Syria executed 24 people and sentenced 11 others to life in prison Wednesday after convicting them of terrorism charges for igniting wildfires that plagued the country in 2020, the Associated Press reported.

Diana Semaan, a researcher on Syria for Amnesty International, a non-governmental human rights organization, said the death sentences often lacked basic safeguards to save the lives of those convicted, such as a right to a lawyer, and often include secret trials.

"Yesterday's executions of 24 people demonstrates the Syrian government's disregard for international law, especially right to life," Semaan said.

A statement from the Justice Ministry said those executed were "criminals who carried out terrorist attacks that led to deaths and damage to state infrastructure and public and private property through the use of flammable material." The statement did not explain how the executions took place or provide any further details.

A report by Amnesty International in 2017 said that as many as 13,000 people were executed in secret hangings at the Sadnaya prison in Syria between September 2011 and December 2015 but were authorized during the height of the Syrian civil war by the highest levels of the government.

According to the report, between 20 and 50 people at the prison were hanged each week or sometimes twice a week in a "calculated campaign of extrajudicial execution."

The Syrian death penalty is carried out for offenses such as terrorism, treason, army desertion, espionage and arson, usually by hanging.

For more reporting from the Associated Press, see below.

Syria executes 24 people for igniting wildfires
Syria executed 24 people and sentenced 11 others to life in prison Wednesday after convicting them of terrorism charges for igniting wildfires that plagued the country in 2020. In a photo released on October 13, 2020, on the official Facebook page of the Syrian presidency, Bashar Assad (center left) tours areas that suffered heavy damage from the deadly wildfires in the coastal province of Latakia. Syrian Presidency via Facebook/Associated Press

The publicized executions of a large group of people is rare in war-torn Syria, where a decade-old conflict has left hundreds of thousands dead and displaced half the country's population, including 5 million refugees outside the country.

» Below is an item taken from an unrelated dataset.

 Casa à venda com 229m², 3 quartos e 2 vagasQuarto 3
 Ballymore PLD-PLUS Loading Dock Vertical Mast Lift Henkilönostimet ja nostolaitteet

President Bashar Assad's hometown of Qardaha in Latakia province was hard hit by the fires, which heavily damaged a building used as storage for the state-owned tobacco company, part of which collapsed. Assad made a rare visit to the region shortly after the fire was brought under control.

Nine others, including five juveniles, received prison sentences. The prison sentences for the juveniles ranged between 10 to 12 years, the Justice Ministry said.

U.N. human rights experts have also reported the mass killing of detainees held by the government in official and makeshift detention centers that often take place out of sight.

Those executed Wednesday were among dozens of people detained in late 2020 who confessed that they began planning to ignite fires starting in August last year, the Justice Ministry statement said. They started fires in September that affected 280 towns and villages and damaged 370 homes, the ministry added.

It said a total of 24,000 hectares (59,300 acres) of forests and plantations burned in the fires.